RAW DATA:
----

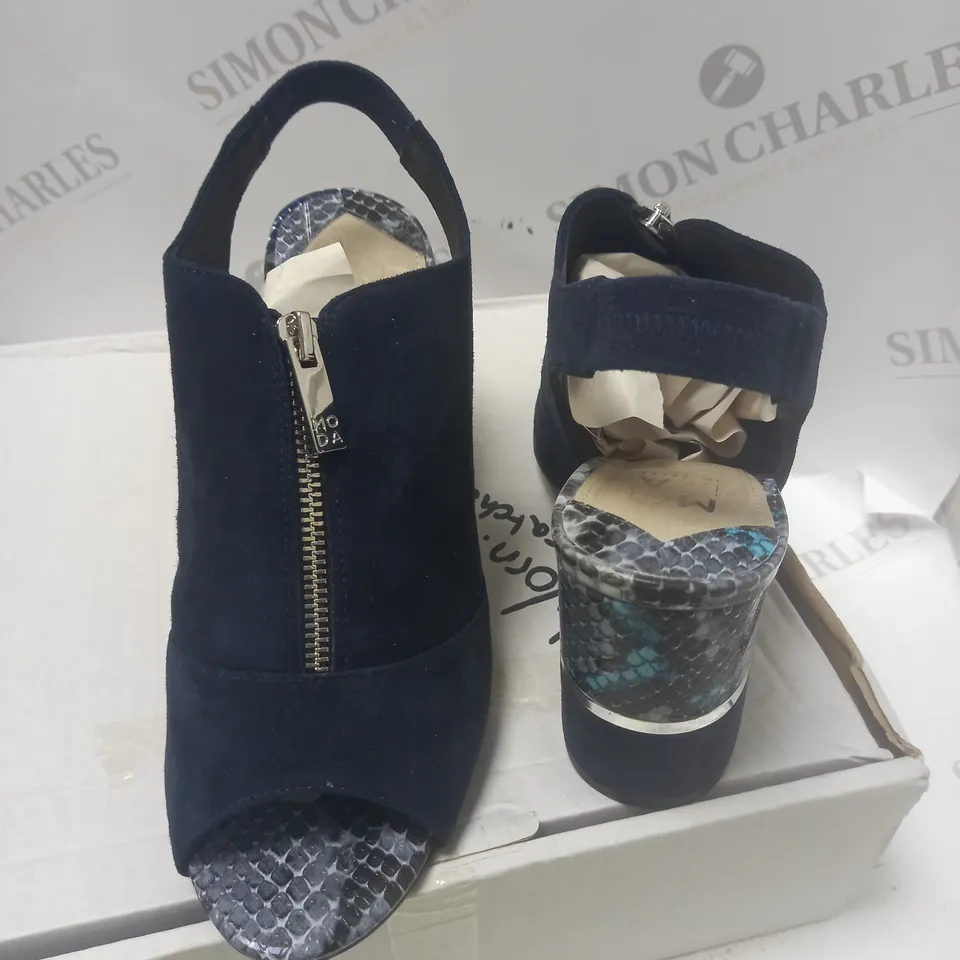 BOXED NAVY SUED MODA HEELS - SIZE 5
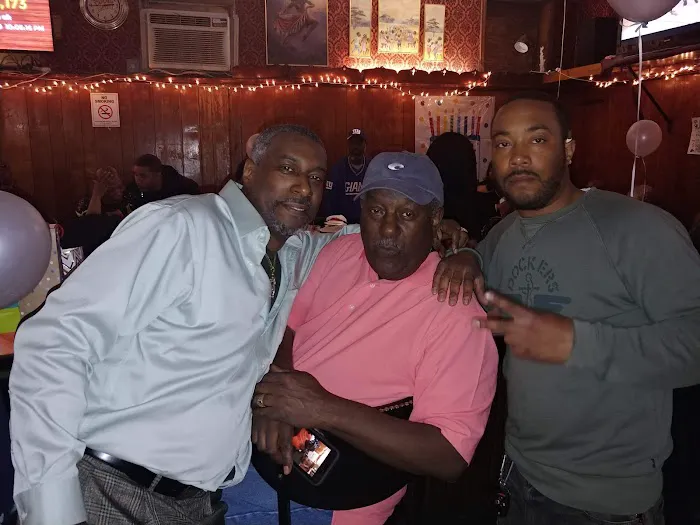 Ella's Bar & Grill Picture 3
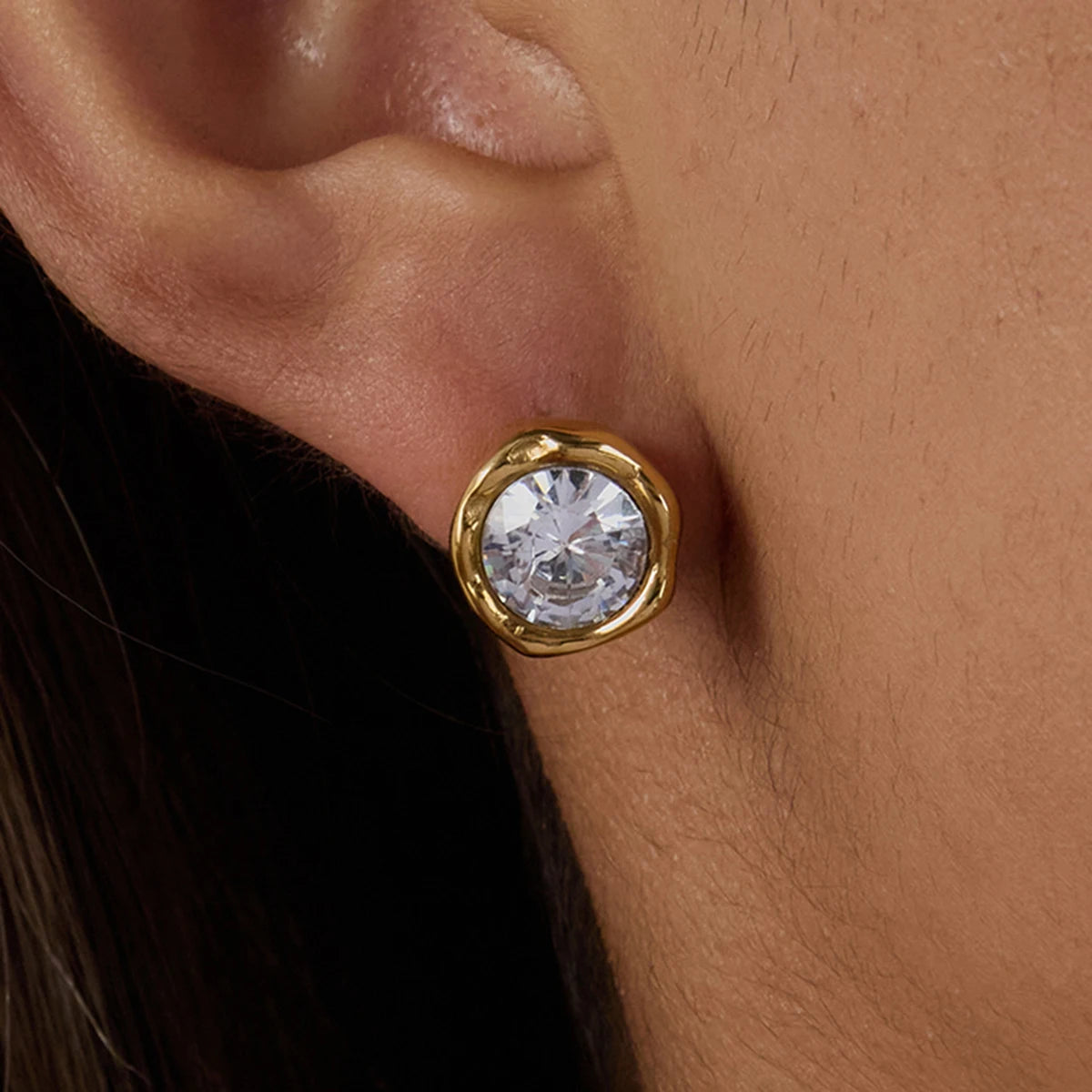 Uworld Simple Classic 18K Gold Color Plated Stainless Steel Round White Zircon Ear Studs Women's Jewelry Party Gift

----

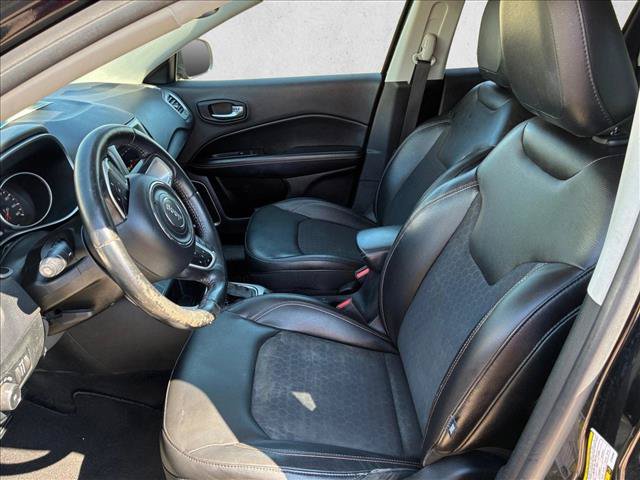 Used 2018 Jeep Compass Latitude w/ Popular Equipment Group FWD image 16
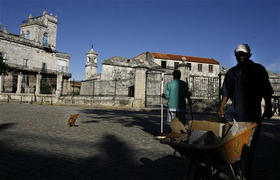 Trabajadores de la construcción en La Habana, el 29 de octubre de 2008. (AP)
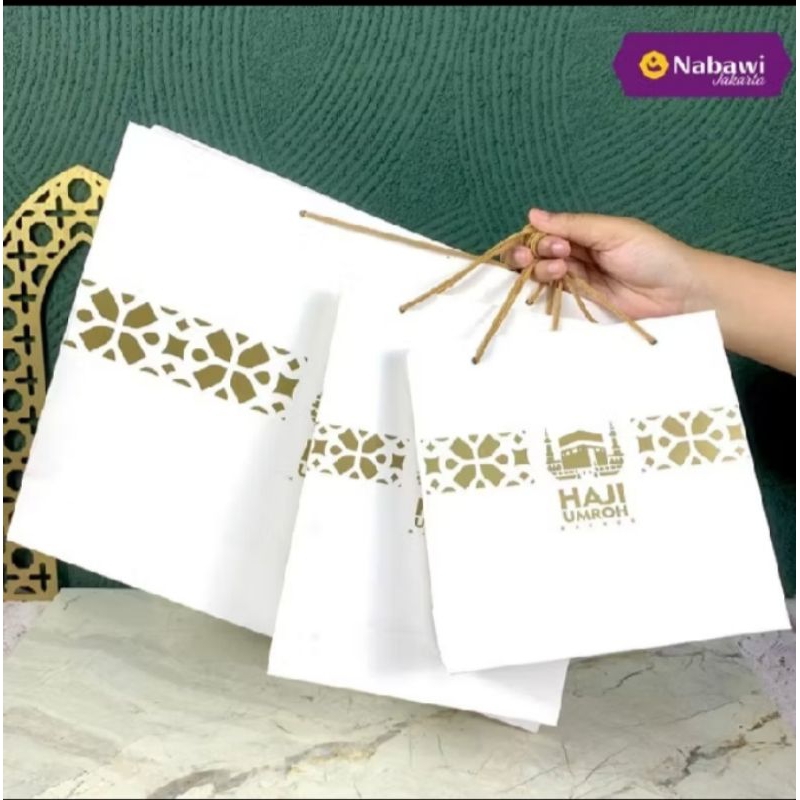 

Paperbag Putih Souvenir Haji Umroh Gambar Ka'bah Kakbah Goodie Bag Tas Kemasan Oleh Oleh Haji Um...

----

YOUR TASK: Starting with the line above that holds "Ella's Bar & Grill Picture 3", restate each line word for word up to and including the line that holds "Uworld Simple Classic". Drop the pictures.

YOUR RESPONSE:
 Ella's Bar & Grill Picture 3
 Uworld Simple Classic 18K Gold Color Plated Stainless Steel Round White Zircon Ear Studs Women's Jewelry Party Gift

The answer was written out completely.